Depending on which Ender’s Game superfan you ask, Gavin Hood’s recently-released film adaptation is either an admirable attempt that hit most of the important plot points, or an abomination of storytelling that gutted one of the greatest sci-fi tales ever written.
Some say it’s good, some say it’s bad, but nobody says it’s great.
Throughout the film, Ender plays a mind game on his space-iPad. It’s cool enough and plays a clever role in the plot, but he doesn’t actually play it, he just watches it on the screen. As a gamer, I felt like Russians must feel watching Sean Connery butcher their language in The Hunt for Red October. That’s not how games work! He needs to play it! I want to play it myself! Hell, I wanted to play the whole damn movie, I would have cared about it more.

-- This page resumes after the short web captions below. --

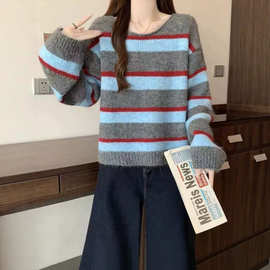 时尚韩系秋冬季新款简约复古撞色条纹设计感百搭毛衣女冬季上衣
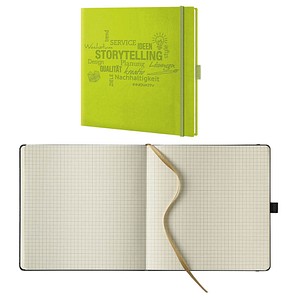 Lediberg Notizbuch Storytelling quadratisch kariert, lemongreen Hardcover 248 Seiten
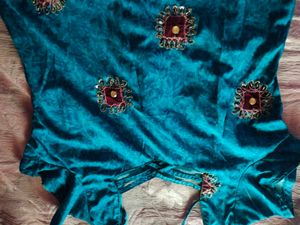 Teal &amp; Pink Embellished Dress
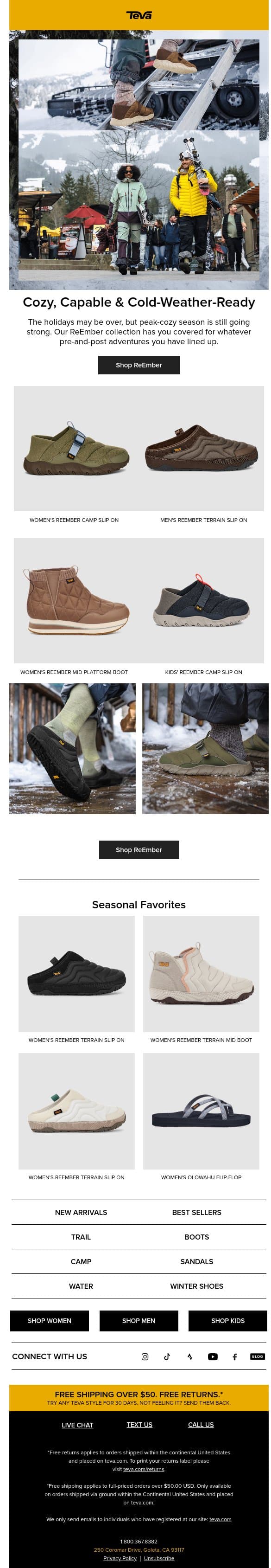Your winter-ready, warm-up friendly slip-on email from Teva screenshot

And there you have the inherent problem with making an Ender’s Game film: it should have been a game itself. Real-time strategy, RPG, adventure, puzzle; the interactivity allows deeper dramatic possibilities than film as a medium allows. Imagine going to battle school yourself, analyzing Formic attack patterns, or shaping your own dialogue to earn squad loyalty and working to keep it, instead of just watching Ender do it all. It’s hard to get engaged with Ender’s story when he’s not even engaged with his own game.
It’s time we take video games seriously as a dramatic medium, because sometimes film just doesn’t cut it. We’ve seen huge strides in sophistication and storytelling, from Mass Effect to the Arkham series to Braid. Those who say the novel was inherently unadaptable are wrong, it just found the wrong outlet. All of the time and talent that went into this adaptation of Ender’s Game should have gone into a great video game instead of a mediocre movie.